Renting Homes Wales Act 2016
What is it & why?
Renting Homes Wales is the biggest change to housing law in Wales for decades.
It increases protections for tenants and clarifies their rights and responsibilities.
It will mean Wales, England, and Scotland will each have different lettings legislations.
The intention behind the new legislation is to simplify the existing law and letting process in Wales into one clear legal framework.
These changes were due to start on 15th July 2022 but were postponed by Welsh government until 1st December 2022.
Under the new legislation, there will be two types of landlords:
- Community - social housing
- Private - private rental sector
Two contract types
There will be two contracts for each landlord type:
- Secure Contracts for community landlords
- Standard Contracts for private landlords
- These can be for a fixed or periodic term
It's important to note that contracts can now start as periodic from day one, should you wish.
- Properties will be known as Dwellings
- Tenants will be known as Contract Holders
- Tenancy Agreement Occupation Contract
Tenancy agreements will now be known as Occupation Contracts, these outline the rights and responsibilities of the landlord and tenants.
- The written statement is split into 4 sections:
- Key Terms - Address, rent, term, etc.
- Fundamental Terms - As set out in the model contract, limited changes and must always be in the contract-holders favour.
- Supplemental Terms - Can be changed, must show all changes, can be in either favour.
- Additional Terms - Any terms not covered above.
The Welsh government have issued "model contracts" for anyone to use.
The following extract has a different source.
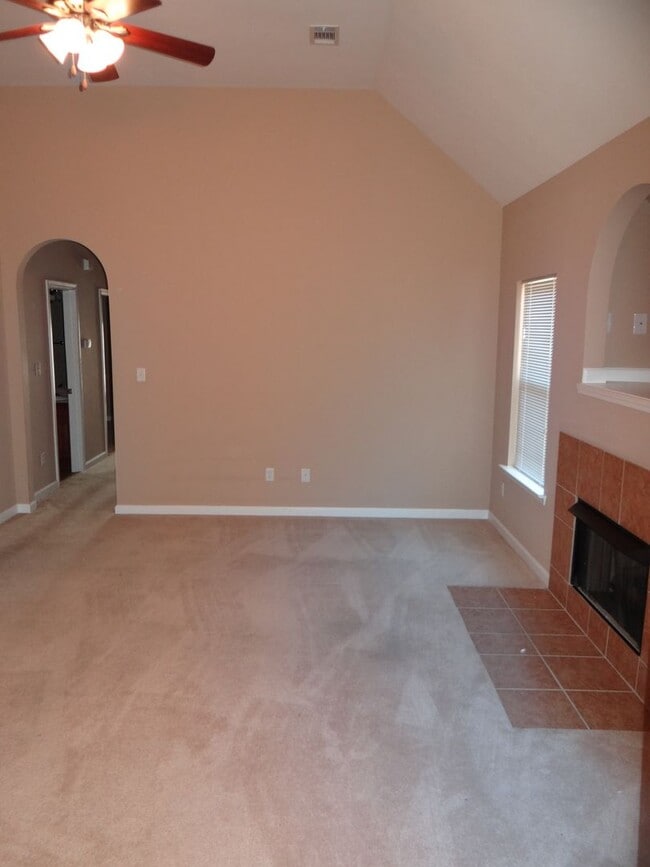 Photo - 257 Oxmoor Pl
You should carefully review these before using them.
Joint Contract Holders
Tenants will be known as Contract Holders, when more than one tenant is renting then they are Joint Contract Holders.
Going forwards each contract holder is a separate entity which is a shift from the old way of all tenants being one entity.
The responsibilities remain mostly unchanged but have been outlined in the model contracts. Repairs must be made in a timely manner.
One of the more widely known changes is around "no-fault evictions" which was known as Section 21. These were often used by landlords who wanted the property returned for sales purposes. The no-fault eviction still remains but now has a longer notice period, outlined below.
- Section 173 formerly Section 21
- 6 months from the end of the fixed term, no sooner than 6 months from the occupation date.
- This essentially means that all new tenancies will last for a minimum of 12 months unless a tenant serves notice.
- Section 157-159
- These are mostly for breach of contract and carry 1 month's notice, whilst some anti-social behaviour can carry a 24hr notice.
- Serious Rent Arrears formerly Section 8
- Much like a Section 8, this can be issued for rent arrears and has been made simpler for landlords.
- Rent Increases
- It remains once per 12 months and with two months' notice.
What happens on the 1st December?
All current tenancies will become occupation contracts automatically on the 1st December. Landlords will then have 6 months to issue written statements for the converted contracts. This will not change the key terms of the tenancy for the tenants.